Serbia Talks: Judiciary Reform and Judges Joining Political Parties
Homen: Time Will Show the Reform Results
Dragana Boljević: Going to Strasbourg Due to Violation of Judges’ Rights
There are many disputes over the implemented judiciary reform. Although they agree about the necessity of the reform, the representatives of professional associations of judges and prosecutors and the Ministry of Justice are disputing over whether it all had to be implemented in that particular manner.
Ms. Dragana Boljević, President of the Judges’ Association of Serbia and Mr. Slobodan Homen, State Secretary in the Ministry of Justice, talked about the implemented reform, reelection of judges, new court network, judges joining political parties, creation of parallel systems and of European institutions’ disapproval of the “novelties” in Serbian judiciary.
Politika: How do you perceive the judiciary reform so far?

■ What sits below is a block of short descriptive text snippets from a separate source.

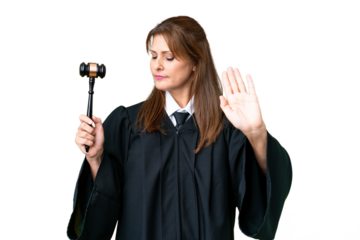 Judge caucasian woman over isolated background making stop gesture and disappointed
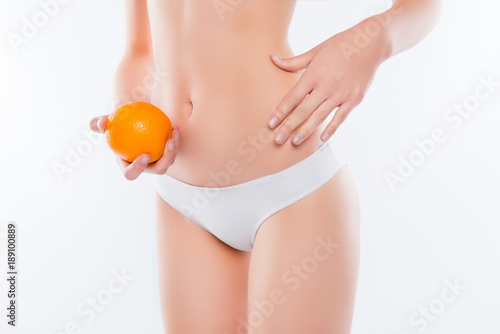 Cosmetology no fatty folds smooth flawless pure clean clear skin concept. Cropped close up photo of skinny thin beautiful sexy woman's body, palm compare skin with fruit isolated on white background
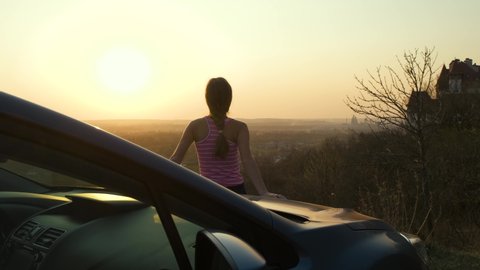 Young woman standing near her car enjoying warm sunset view. Girl traveler leaning on vehicle hood looking at evening horizon.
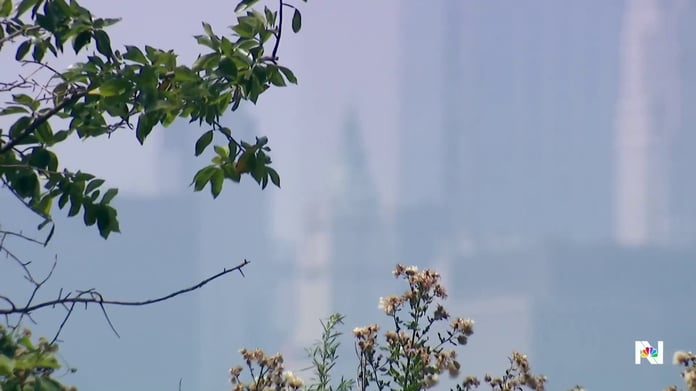 Hazy orange sky from wildfire smoke over US city from Canada wildfires July 2026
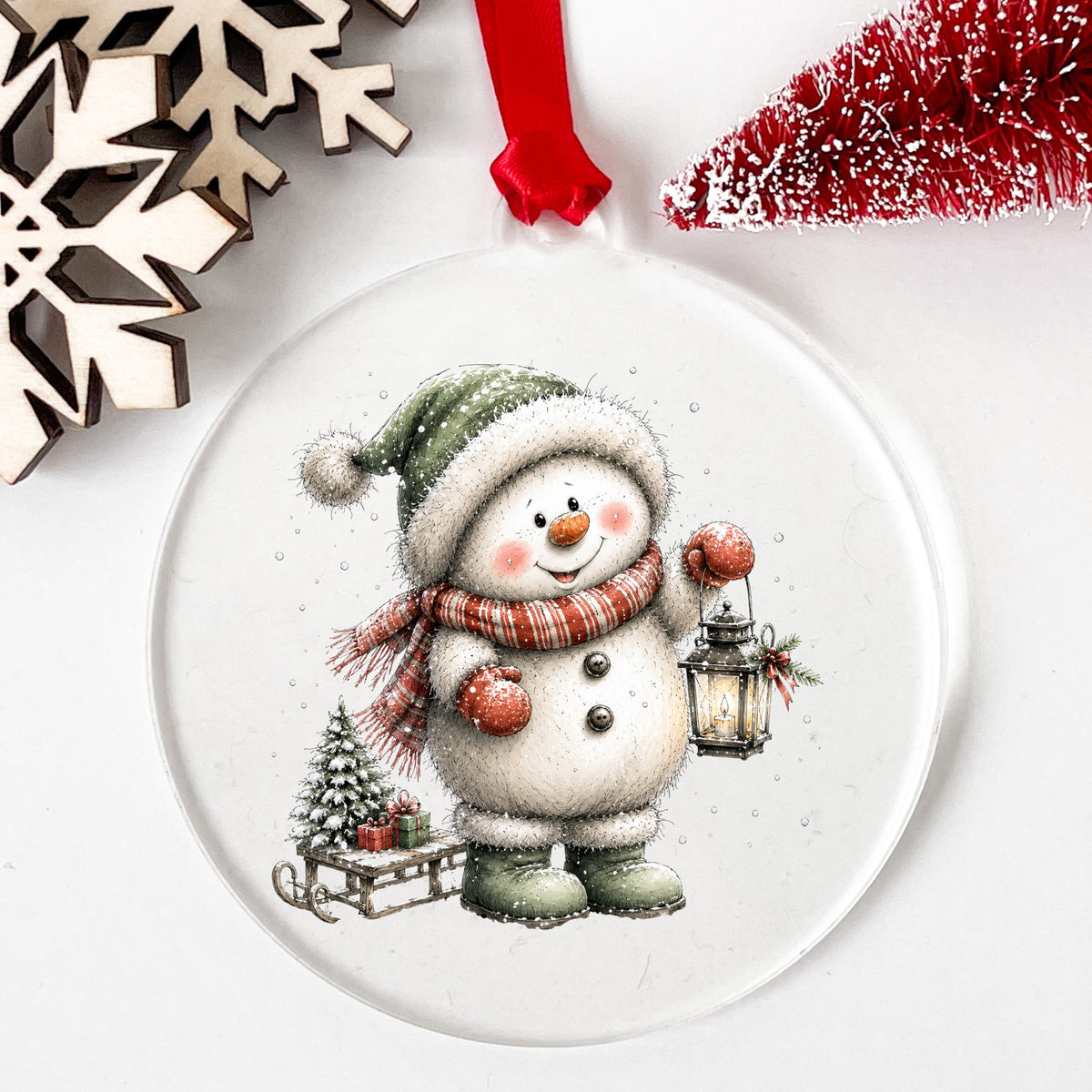 Green Hat Snowman With Sled And Gifts UV DTF sticker applied to a clear round acrylic ornament with a red ribbon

Boljević: Although the reform was necessary, and that was the topic of conversation of Judges’ Association for the last ten years, the reelection and the new judicial network are not reform. Those measures were undertaken without analyzing the consequences that might occur. The Council of Europe’s experts, that should soon present their final report on judicial reform, stated that the reelection polluted the judicial atmosphere so much that the reform cannot be implemented until the reelection problems are removed.

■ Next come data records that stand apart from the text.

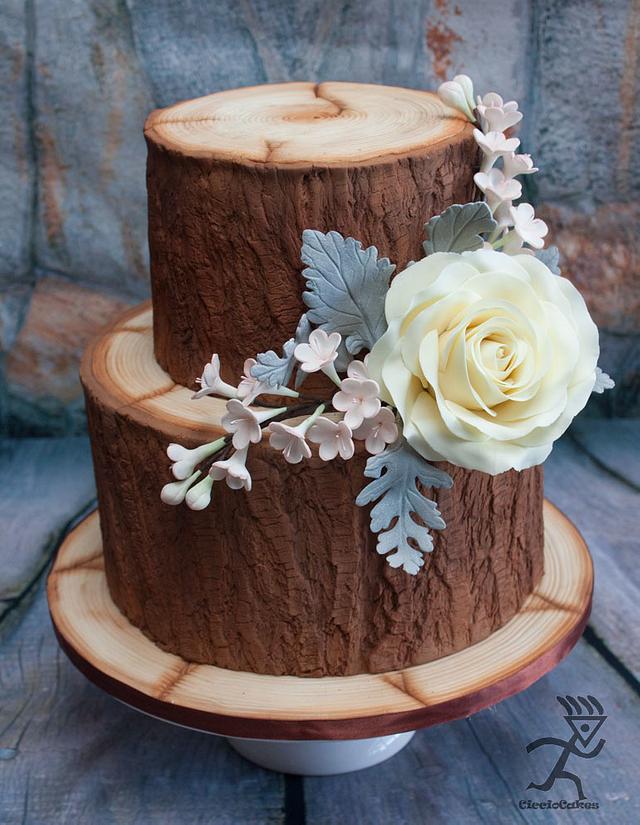 Tiered Wood Effect Cake With Edible Flowers Leaves Cakesdecor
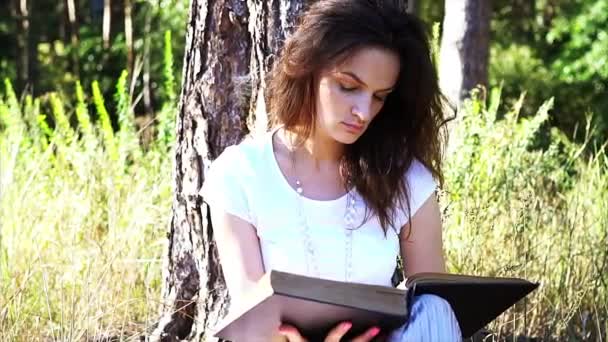 Hermosa joven está leyendo un libro al aire libre . — Vídeo de stock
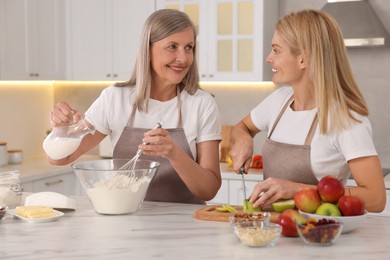 Photo of Happy mature mother and her daughter cooking together at kitchen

The associations of judges and prosecutors, together with OSCE, are in the field trying to identify problems and support better functioning of the new judicial network that did not achieve the declared objectives of creating a faster, cheaper and more accessible judiciary and courts with equal caseload.
Homen: Each reform is extremely difficult and complicated, especially when you want to reform something that was done in a particular way for 50 or 60 years. It cannot be implemented without corporation of competent institutions and professional associations and I have to say that the Ministry had a very good cooperation with the Judges’ Association and the Prosecutors’ Association. I agree with Ms. Boljević that the biggest stumbling block of this reform is the general election. I believe this is only a small part of the overall reform which, unfortunately, drew most of the public attention. That procedure should definitely be completed as soon as possible i.e. the Constitutional Court should complete proceedings upon complaints of the non-elected judges as soon as possible. Talking about the reform, I have to mention that the analysis of commercial courts’ work indicates that they are operating 30 percent faster than before. If the results of analyses in other areas turn out to be like that, for example in civil or criminal matters, we could say that the reform was a success.
Politika: What specific complaints did the European institution have concerning the reform?
Boljević: In numerous their reactions, the EU emphasized the important deficiencies of reelection procedure pertaining to composition and independence of the High Court Council and State Prosecutorial Council, application of objective criteria, as well as transparency and reliability of the whole process. That is why a working group was formed consisting of members of European Commission and our officials whose task was to find solutions for removing the reelection deficiencies. Since things are not developing fast enough and in compliance with standards, Mr. Stefan Fule warned, in the name of European Commission, on the 1st of June, that the European Commission will be evaluating the manner in which these deficiencies are removed in the progress report and that it will affect the assessment of Serbia’s candidacy for joining the EU. By the end of July, the Minister received a new letter from Mr. Fule and in a few days, we will report on the letter received from Mr. Pierre Mirel, Director of Political Directorate for Southwest Balkans.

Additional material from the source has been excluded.